• **EXERCISE OBJECTIVE**: Word for word, output every line of the material below, minus pictures.

• **STORED DATA**:
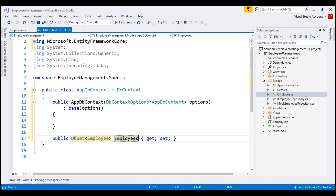We'll be using this property to query and save instances of the Employee class. The LINQ queries that we write against this DBSet of Employee property will be translated into SQL queries against the underlying database. We'll see this in action in our upcoming videos.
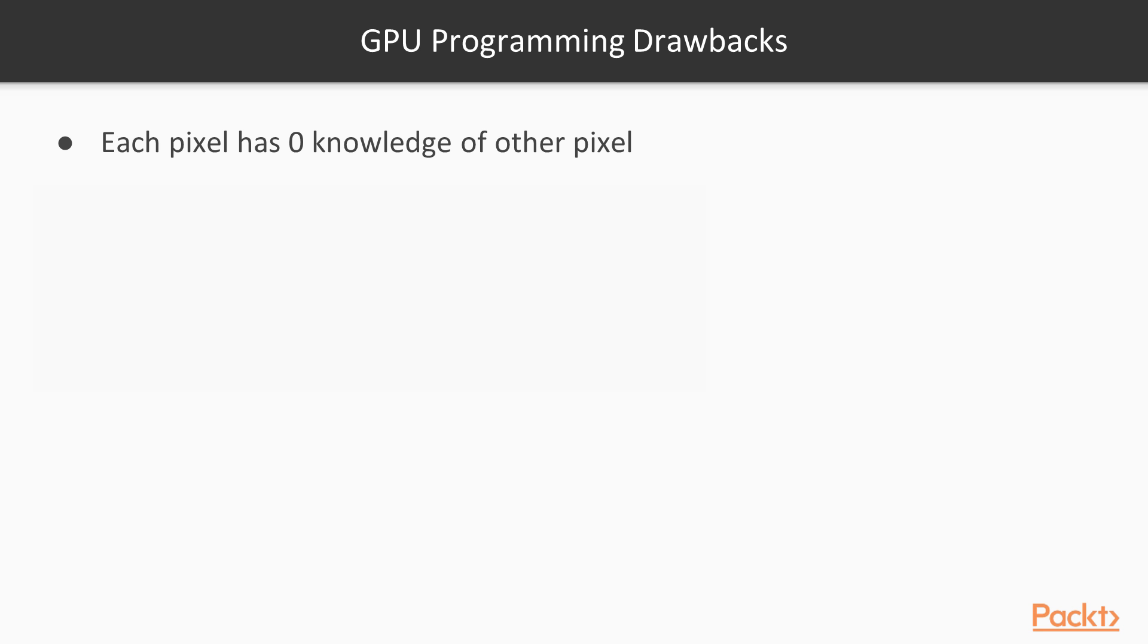One challenge is that each pixel has zero knowledge of other pixels, so the code you create will be somewhat limited. It won't be able to interact with results happening in parallel, like we can do in the WebWorker API by sending messages.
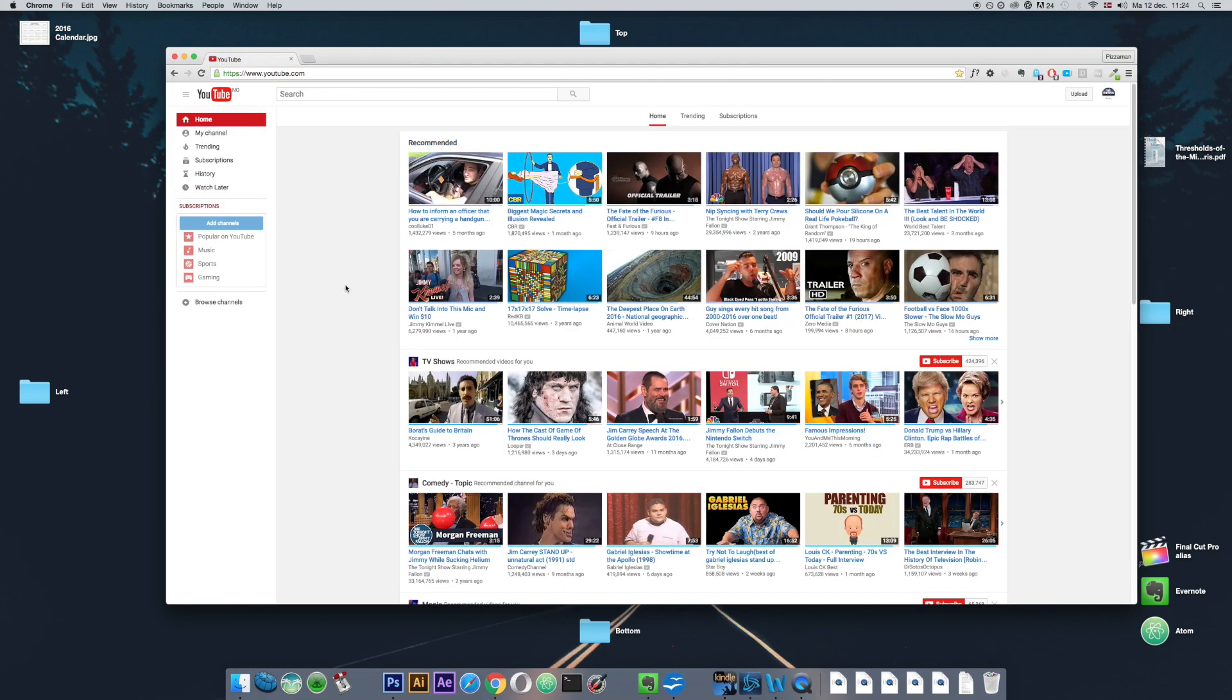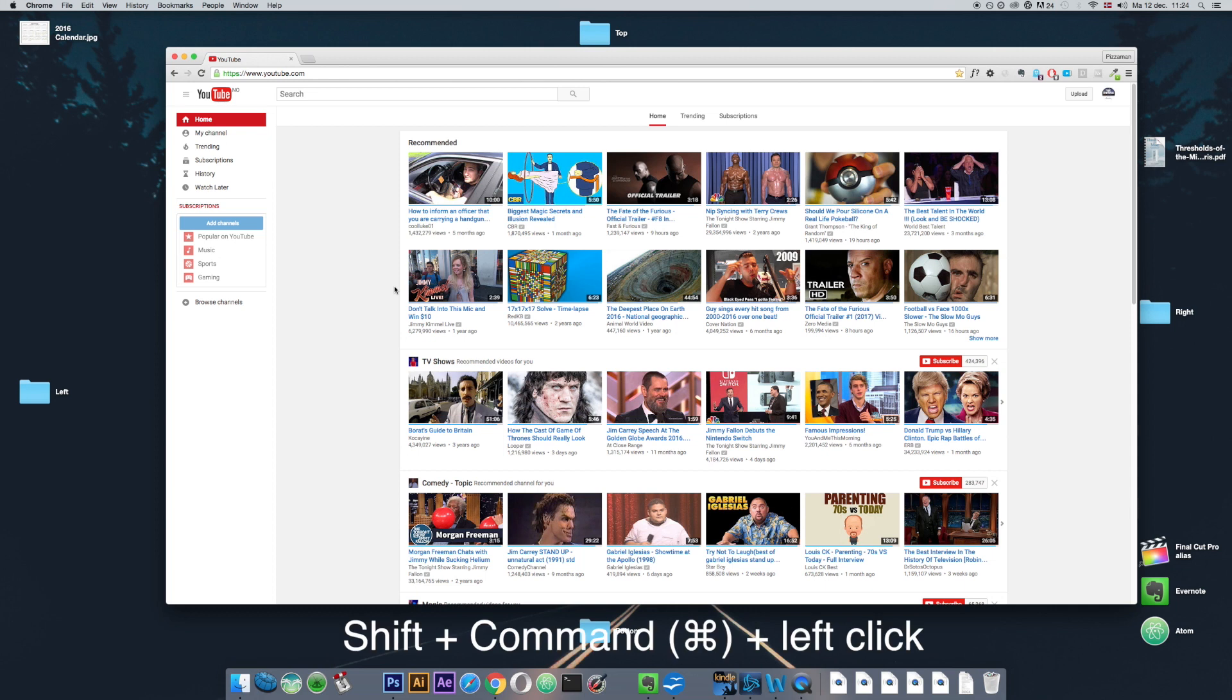If you want to open up a link in a separate tab and immediately move to that tab, you can hold the shift and command key and left click on a link as such.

• **SOLVED EXERCISE**:
We'll be using this property to query and save instances of the Employee class. The LINQ queries that we write against this DBSet of Employee property will be translated into SQL queries against the underlying database. We'll see this in action in our upcoming videos.
One challenge is that each pixel has zero knowledge of other pixels, so the code you create will be somewhat limited. It won't be able to interact with results happening in parallel, like we can do in the WebWorker API by sending messages.
If you want to open up a link in a separate tab and immediately move to that tab, you can hold the shift and command key and left click on a link as such.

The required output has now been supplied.